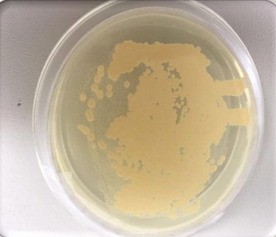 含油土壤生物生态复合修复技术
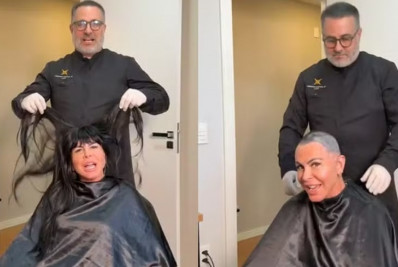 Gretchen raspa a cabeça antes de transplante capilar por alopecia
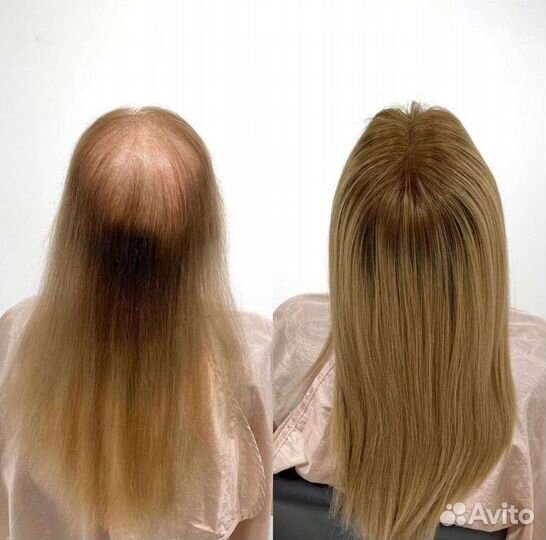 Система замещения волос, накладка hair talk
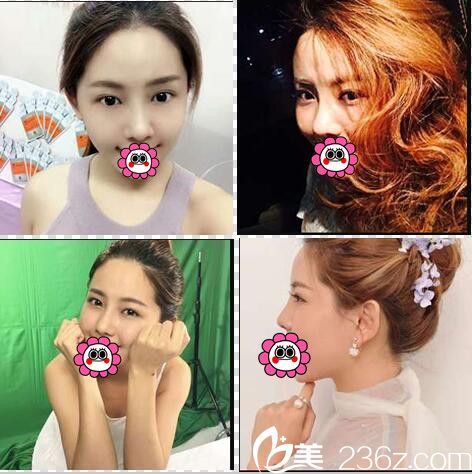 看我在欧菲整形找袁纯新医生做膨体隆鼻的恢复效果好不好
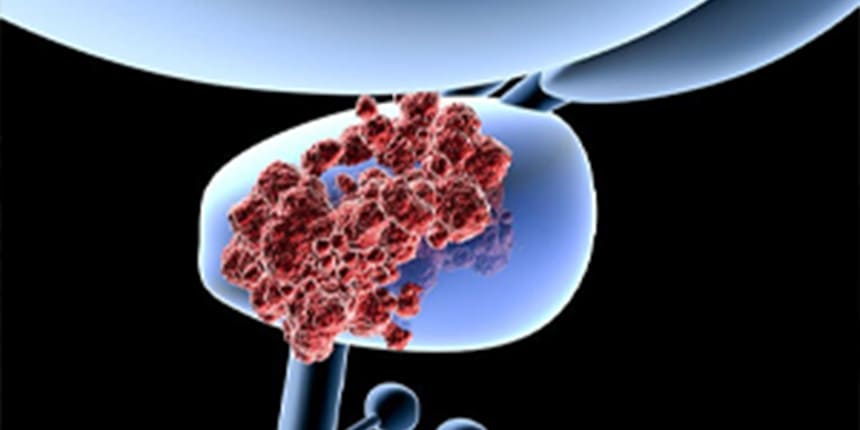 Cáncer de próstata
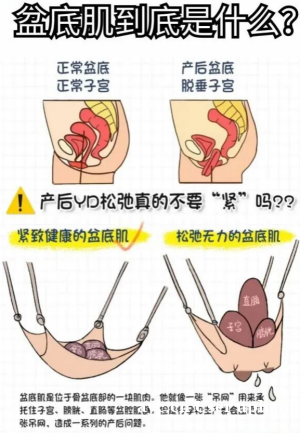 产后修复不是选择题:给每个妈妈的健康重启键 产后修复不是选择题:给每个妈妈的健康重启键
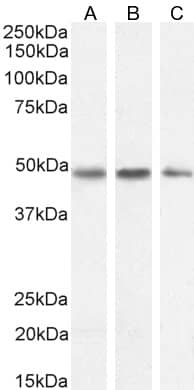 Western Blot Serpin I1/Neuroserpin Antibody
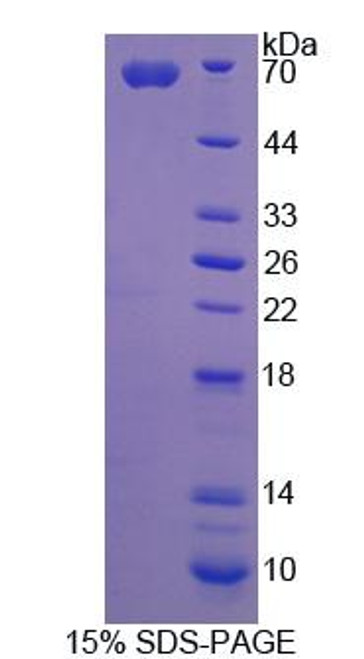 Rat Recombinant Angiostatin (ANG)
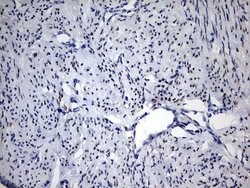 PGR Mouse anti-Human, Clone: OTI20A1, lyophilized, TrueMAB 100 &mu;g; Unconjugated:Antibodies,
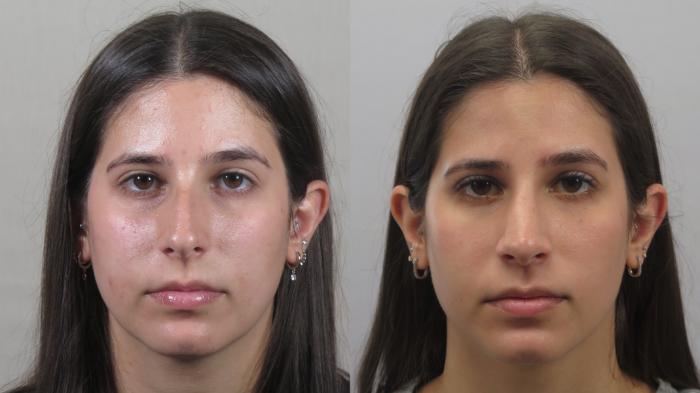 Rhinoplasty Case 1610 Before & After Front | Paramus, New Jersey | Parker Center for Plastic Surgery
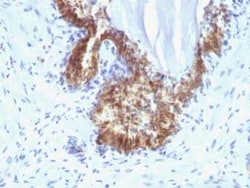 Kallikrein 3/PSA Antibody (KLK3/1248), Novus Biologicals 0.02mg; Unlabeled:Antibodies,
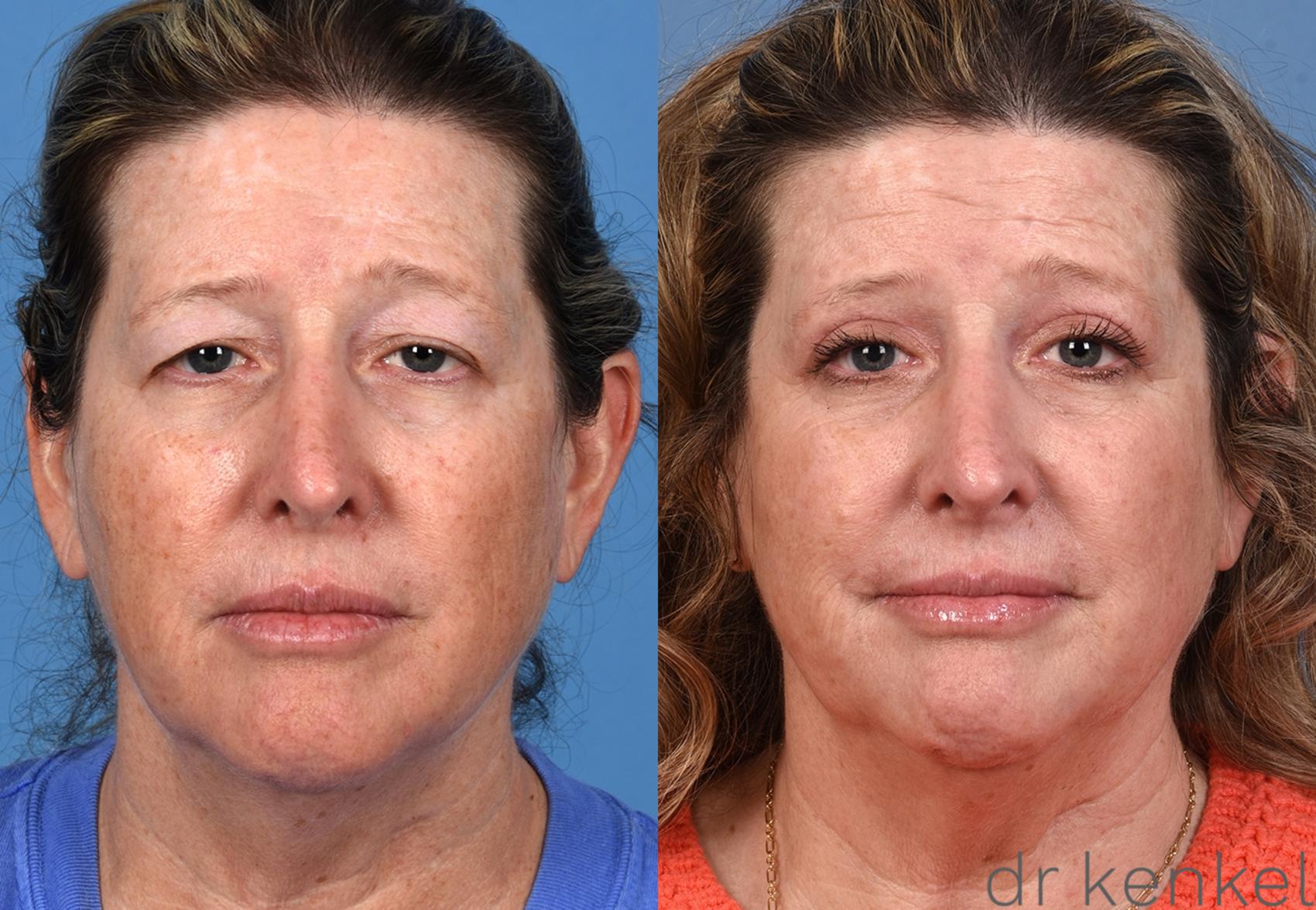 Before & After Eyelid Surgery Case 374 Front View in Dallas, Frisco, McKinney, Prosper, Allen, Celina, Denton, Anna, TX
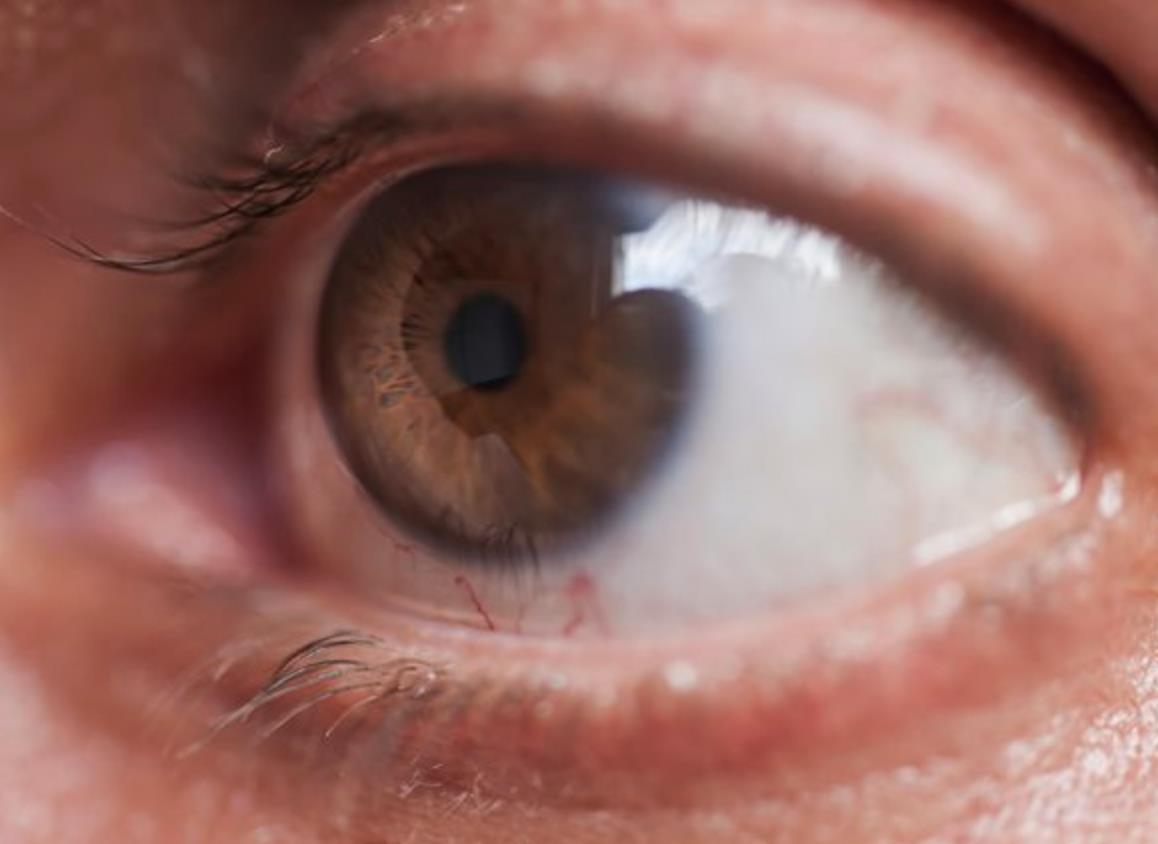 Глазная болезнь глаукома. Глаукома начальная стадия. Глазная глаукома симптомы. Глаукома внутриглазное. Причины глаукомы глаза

◆ ◆ ◆ ◆

What you are asked to do
Without including a single picture, restate all of the data word for word.

Exercise output
 含油土壤生物生态复合修复技术
 Gretchen raspa a cabeça antes de transplante capilar por alopecia
 Система замещения волос, накладка hair talk
 看我在欧菲整形找袁纯新医生做膨体隆鼻的恢复效果好不好
 Cáncer de próstata
 产后修复不是选择题:给每个妈妈的健康重启键 产后修复不是选择题:给每个妈妈的健康重启键
 Western Blot Serpin I1/Neuroserpin Antibody
 Rat Recombinant Angiostatin (ANG)
 PGR Mouse anti-Human, Clone: OTI20A1, lyophilized, TrueMAB 100 &mu;g; Unconjugated:Antibodies,
 Rhinoplasty Case 1610 Before & After Front | Paramus, New Jersey | Parker Center for Plastic Surgery
 Kallikrein 3/PSA Antibody (KLK3/1248), Novus Biologicals 0.02mg; Unlabeled:Antibodies,
 Before & After Eyelid Surgery Case 374 Front View in Dallas, Frisco, McKinney, Prosper, Allen, Celina, Denton, Anna, TX
 Глазная болезнь глаукома. Глаукома начальная стадия. Глазная глаукома симптомы. Глаукома внутриглазное. Причины глаукомы глаза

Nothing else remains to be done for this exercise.